**Given data:**
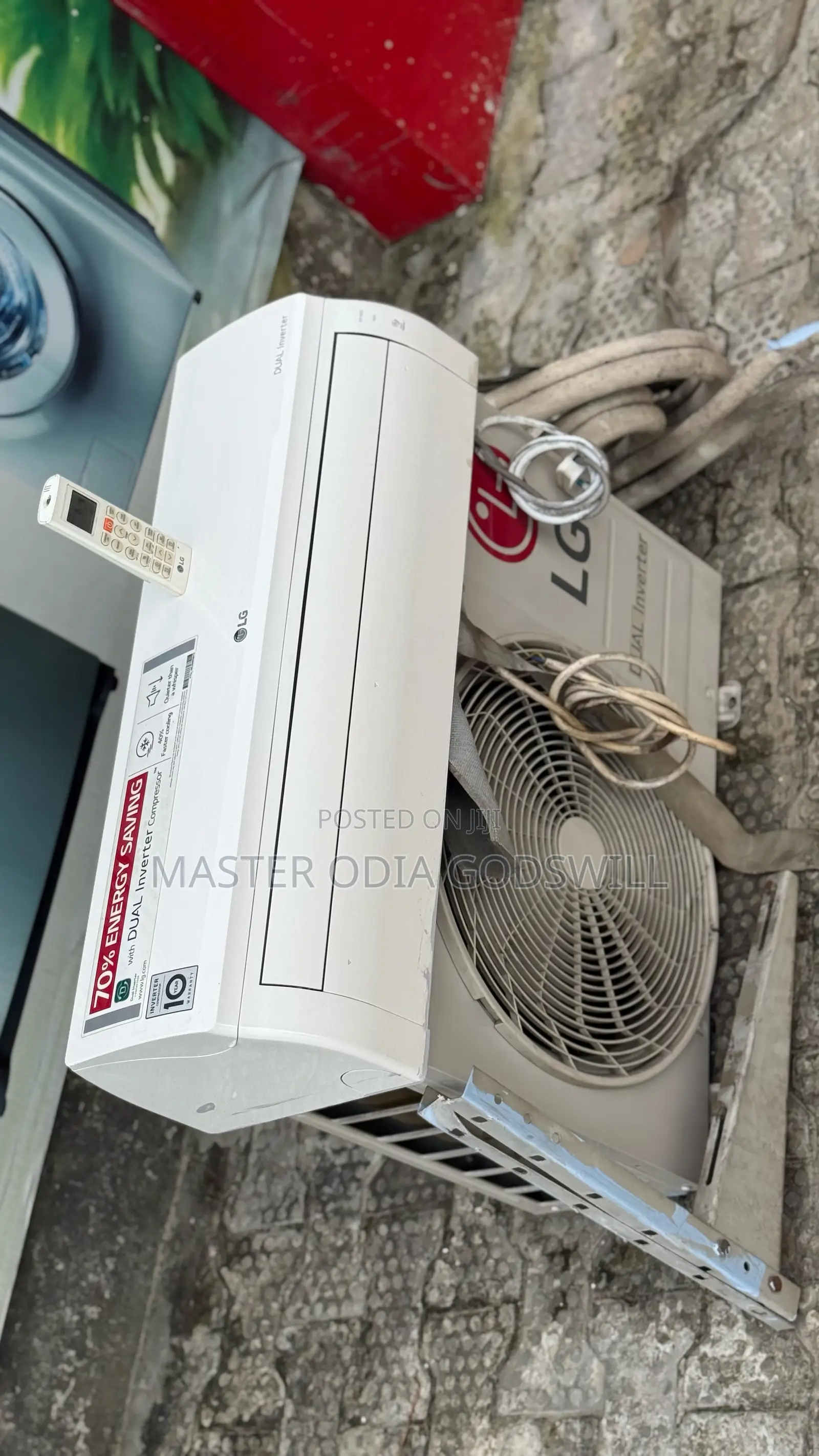 LG Dual Inverter AC 1hp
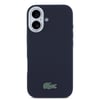 Apple iPhone 17 Kılıf Lacoste Orjinal Lisanslı M-Safe Şarj Özellikli PVC Pike Desenli Arka Yüzey İkonik Timsah Dokuma Logolu Kapak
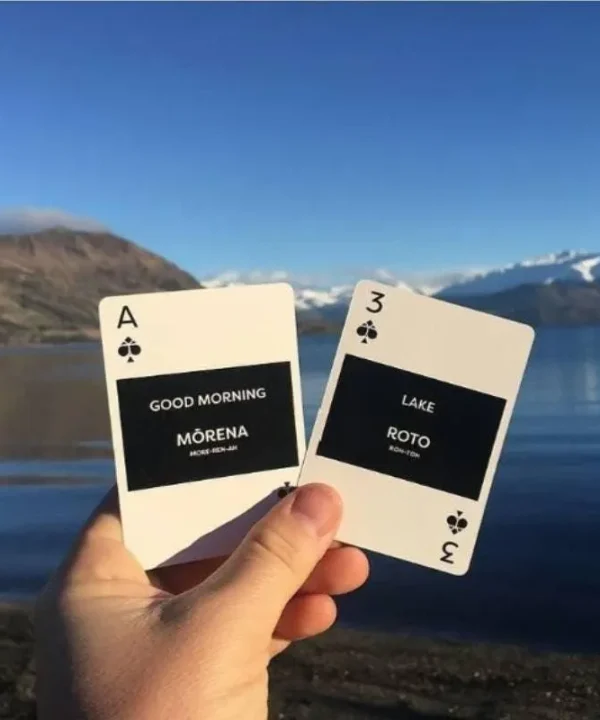 Te Reo Maori Lingo Playing Cards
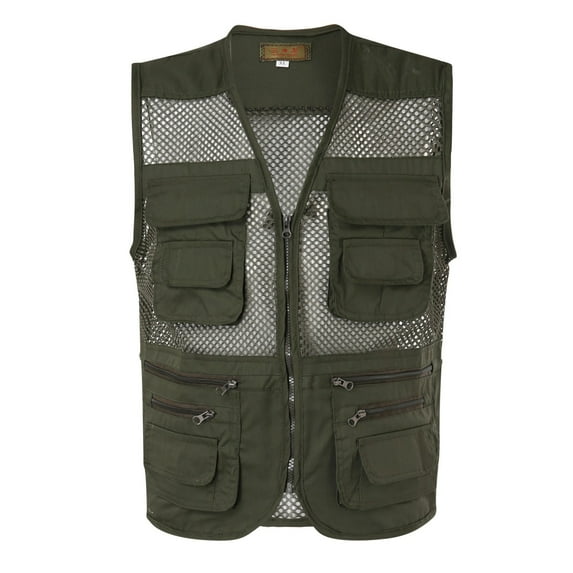 GAQLIVE Mens Summer Photography Tour Fishing Multi Pocket Vest Vest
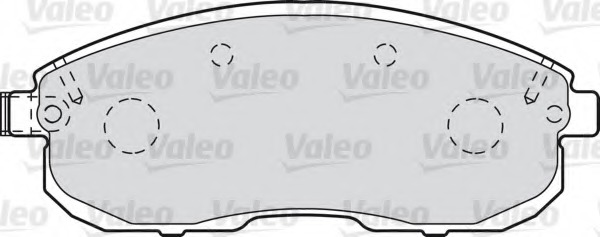 set placute frana,frana disc 601013 VALEO - Frana disc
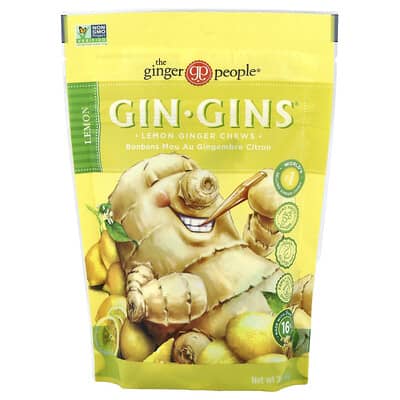 Gin Gins®, Ginger Chews, Lemon, 3 oz (84 g)
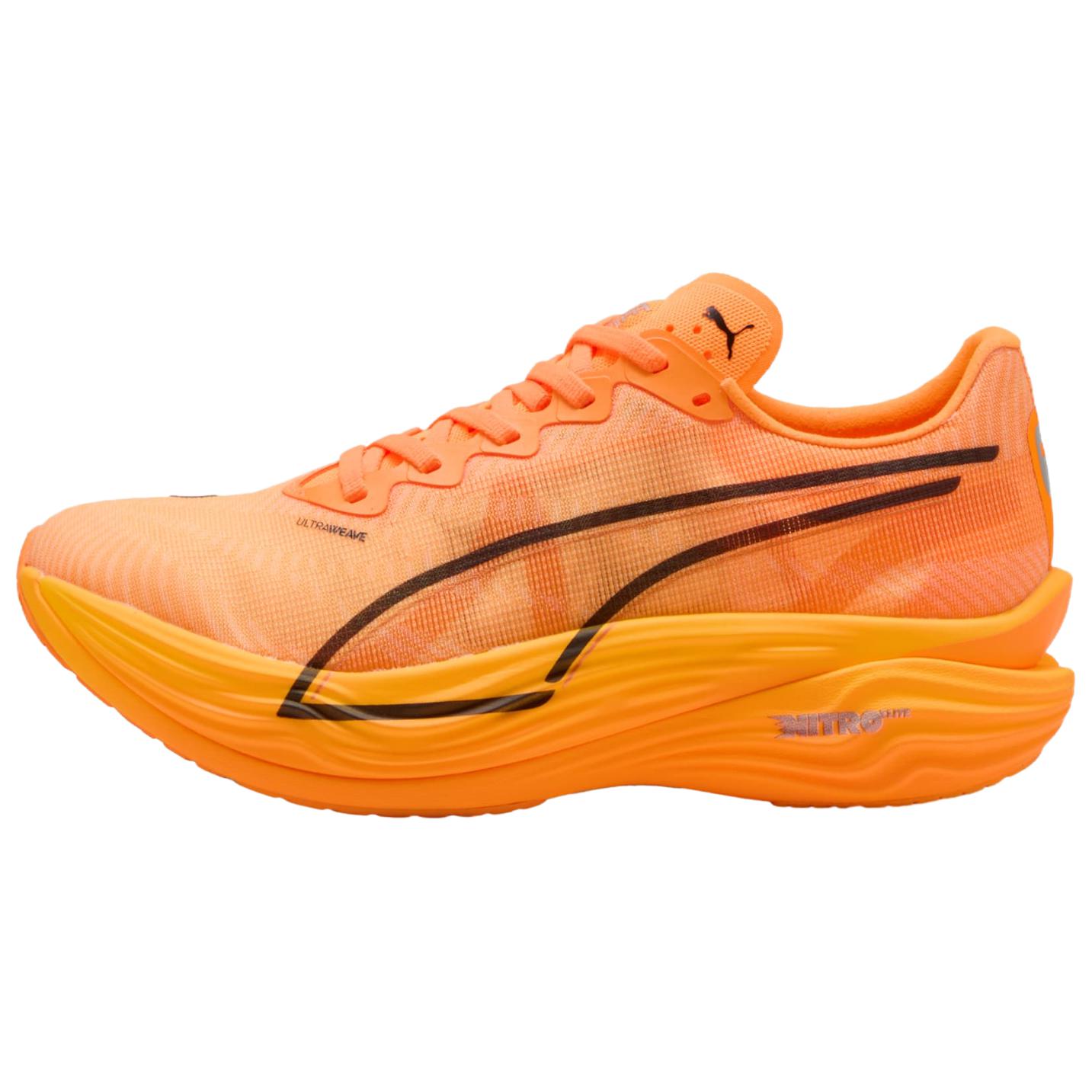 

New PUMA Deviate NITRO Elite 3 Breathable Running Shoes Unisex Fire Red Orange 309809-09 42.5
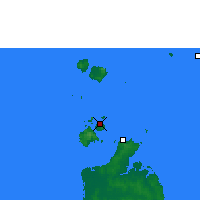 Nearby Forecast Locations - Horn Island - Mapa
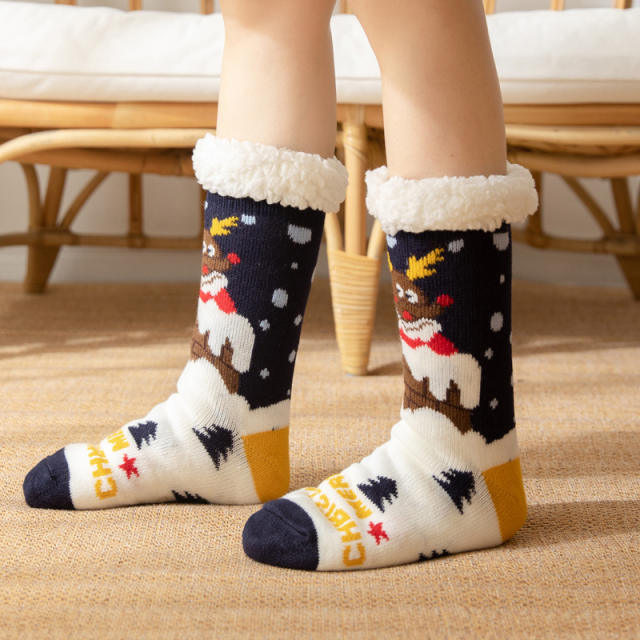 Winter warm christmas series floor socks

**Assignment:** The listing should be transcribed in full, exactly, and without its pictures.

**Response box:**
 LG Dual Inverter AC 1hp
 Apple iPhone 17 Kılıf Lacoste Orjinal Lisanslı M-Safe Şarj Özellikli PVC Pike Desenli Arka Yüzey İkonik Timsah Dokuma Logolu Kapak
 Te Reo Maori Lingo Playing Cards
 GAQLIVE Mens Summer Photography Tour Fishing Multi Pocket Vest Vest
 set placute frana,frana disc 601013 VALEO - Frana disc
 Gin Gins®, Ginger Chews, Lemon, 3 oz (84 g)

New PUMA Deviate NITRO Elite 3 Breathable Running Shoes Unisex Fire Red Orange 309809-09 42.5
 Nearby Forecast Locations - Horn Island - Mapa
 Winter warm christmas series floor socks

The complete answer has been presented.